◆ **WHAT YOU HAVE TO DO**: Please reproduce the listing below exactly, leaving out every picture.

◆ **INFORMATION PROVIDED**:
※ ※ ※

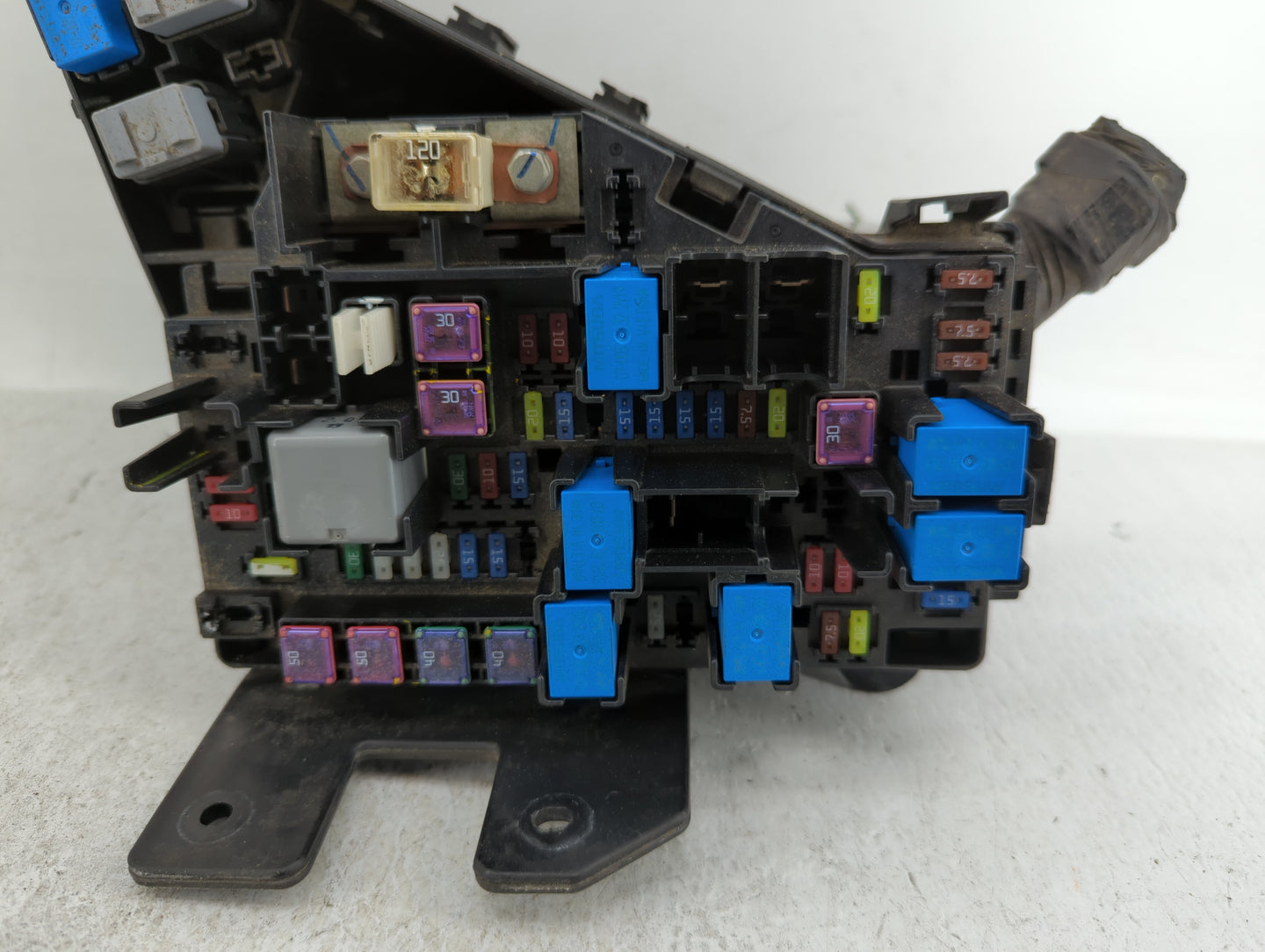 2010-2014 Subaru Legacy Fusebox Fuse Box Panel Relay Module P/N:MB102800B MB10280B, MB102801B Fits Fits 2010 2011 2012 2013 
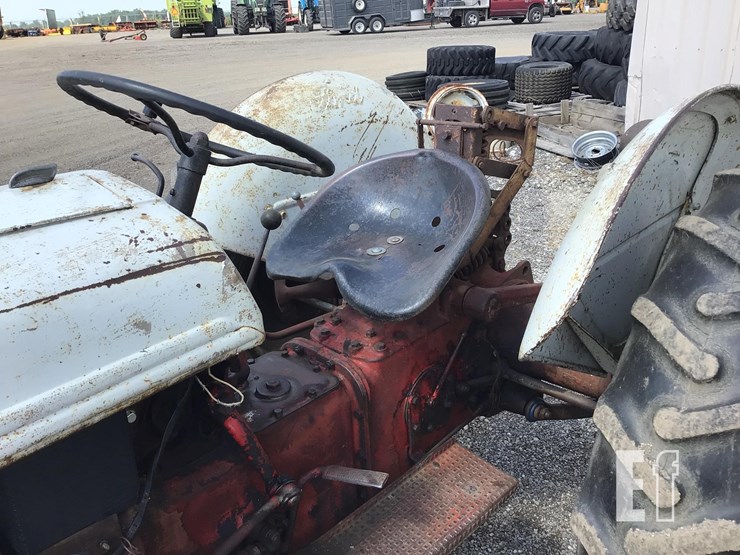 1952-ford-8n-image-10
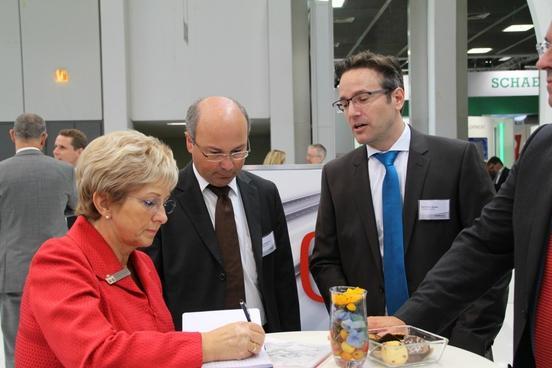Oberbürgermeisterin Dr. Dietlind Tiemann im Gespräch mit der Geschäftsführung der voestalpine AG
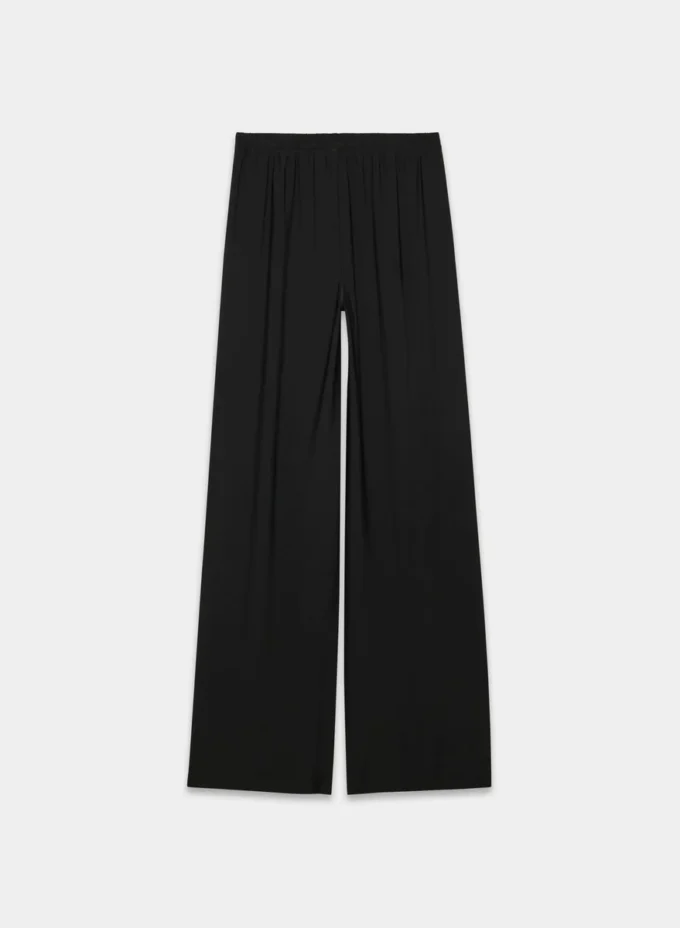 Pantalón Linear – Smooth Matter™ Pantalón Linear – Smooth Matter™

※ ※ ※

◆ **SOLUTION**:
 2010-2014 Subaru Legacy Fusebox Fuse Box Panel Relay Module P/N:MB102800B MB10280B, MB102801B Fits Fits 2010 2011 2012 2013 
 1952-ford-8n-image-10
Oberbürgermeisterin Dr. Dietlind Tiemann im Gespräch mit der Geschäftsführung der voestalpine AG
 Pantalón Linear – Smooth Matter™ Pantalón Linear – Smooth Matter™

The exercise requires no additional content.